Ökolumne
: Fetisch Atomkonsens

■ Restlaufzeiten sind Nebensache: Alternativen wollen gefördert sein

Schluß mit dieser verfahrenen Ausstiegsdiskussion! Schluß mit den isolierten Plapperrunden über Restlaufzeiten von Atomreaktoren! Wer den Ausstieg will, muß zugleich ernsthaft über den Einstieg in Alternativen reden.

Vor lauter Ausstiegsgeplänkel scheint die Regierung gar nicht wahrzunehmen, wie in diesem Lande alle Ansätze einer Energiewende sich in Wohlgefallen aufzulösen beginnen. Stadtwerke verabschieden sich von der ökologisch sinnvollen Kraft-Wärme-Kopplung. Sinkende Strompreise machen alle Formen des Energiesparens uninteressant. Und die Vergütung für Strom aus erneuerbaren Energien wird mit dem Preisverfall auf dem freien Strommarkt gefährlich in die Tiefe gerissen.

Wichtiger als alle Ausstiegstermine sind ganz andere Fragen. Etwa: Wie retten wir die umweltfreundliche Kraft-Wärme-Kopplung (KWK)? Die Antwort ist denkbar einfach: Wir brauchen eine Quote. Einige Bundesländer machen sich bereits dafür stark.

Quote heißt: Per Gesetz muß jeder Stromversorger einen festen Anteil von Strom in seinem Energiemix haben. Hat er's nicht, muß er ihn zukaufen. Gibt der Markt nicht genug davon her, steigen für KWK-Strom die Preise.

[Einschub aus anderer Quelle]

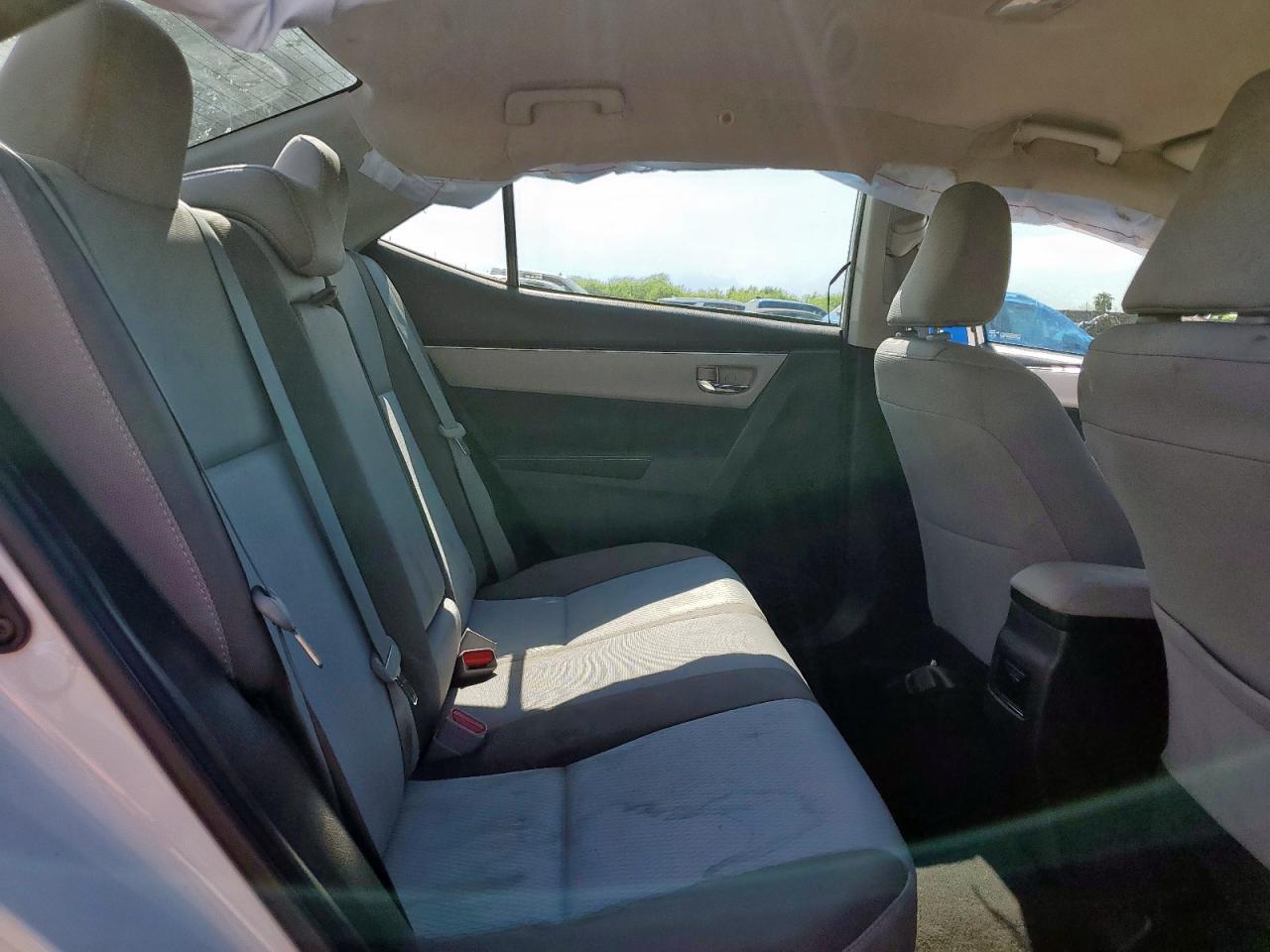 2017 Toyota Corolla L VIN: 5YFBURHE0HP700944 Lot: 70260755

Dann lohnt sich der zusätzliche Bau von derartigen Kraftwerken. Das Verfahren ist praktikabel, marktkonform – und vor allem auch EU-kompatibel.

10 Prozent des Stroms werden heute mittels Kraft-Wärme-Kopplung erzeugt. Wenn wir diesen Wert zur Quote machen, ist der Bestand sofort gesichert. Binnen sieben Jahren könnten wir sie auf 20 Prozent anheben.

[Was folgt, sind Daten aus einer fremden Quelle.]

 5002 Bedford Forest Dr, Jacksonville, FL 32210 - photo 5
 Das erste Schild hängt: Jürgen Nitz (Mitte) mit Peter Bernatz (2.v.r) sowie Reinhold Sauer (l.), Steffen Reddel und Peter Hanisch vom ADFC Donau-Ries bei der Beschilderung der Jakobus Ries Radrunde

Auch die erneuerbaren Energien brauchen endlich Unterstützung. Zum Beispiel Erdwärme: In Bühl bei Karlsruhe wollten die Stadtwerke ein Erdwärmekraftwerk mit beachtlichen zehn Megawatt elektrischer Leistung bauen. Noch vor einem halben Jahr stand das Projekt gut da – es war wirtschaftlich machbar und technisch ausgefeilt. Doch binnen weniger Monate hat der Preisverfall auf dem Strommarkt die Pläne zerstört. Wo bleibt da die Politik?

Ein Vorschlag ist: Eine Quote auch für die erneuerbaren Energiearten. Nicht als Ersatz zum Stromeinspeisungsgesetz, sondern als Ergänzung. Während das Gesetz die Kleinanlagen voranbringt, kann die Quote dort etwas bewegen, wo es um millionenschwere Investitionen der Stromversorger geht. Siehe Erdwärme.

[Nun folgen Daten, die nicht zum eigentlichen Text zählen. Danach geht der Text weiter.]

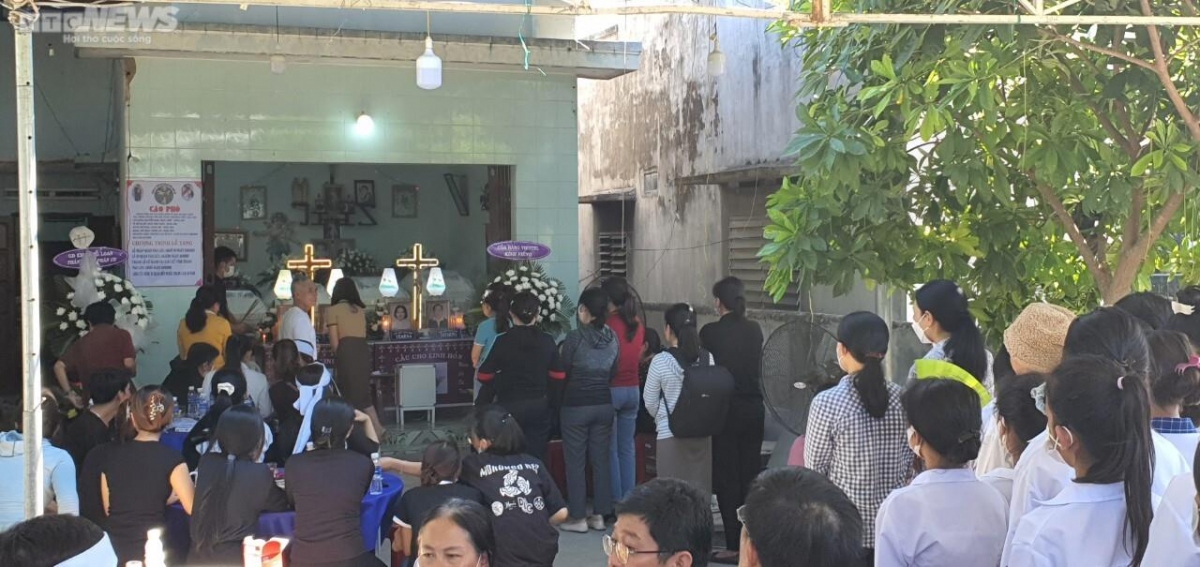 Nóng 24h: Người chồng ở Khánh Hòa khai lý do đầu độc vợ con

Daß am Stromeinspeisungsgesetz für dezentrale Erzeuger nicht gerüttelt werden darf, zeigt sein Erfolg. Das Gesetz ist das wirksamste Instrument für Wind- und Wasserkraft, das es je gab. Wer die Förderung der erneuerbaren Energien ernst nimmt, muß also an dem Gesetz festhalten.

Und sogar aufstocken. Daß für Strom aus Biogas weniger bezahlt wird als für Windkraft, ist sachlich nicht zu rechtfertigen. Ebensowenig ist einzusehen, daß die Vergütungssätze mit sinkenden Strompreisen fallen. Am wichtigsten ist allerdings eine Nachbesserung beim Solarstrom. Die Vergütung von 16,5 Pfennig pro Kilowattstunde ist lächerlich. Sie sollte kostendeckend sein, will man die Zukunftsenergie voranbringen – etwa 1,60 bis 1,80 Mark je Kilowattstunde. Eine entsprechende Petition hat soeben der Aachener Stadtrat mit den Stimmen aller Parteien verabschiedet.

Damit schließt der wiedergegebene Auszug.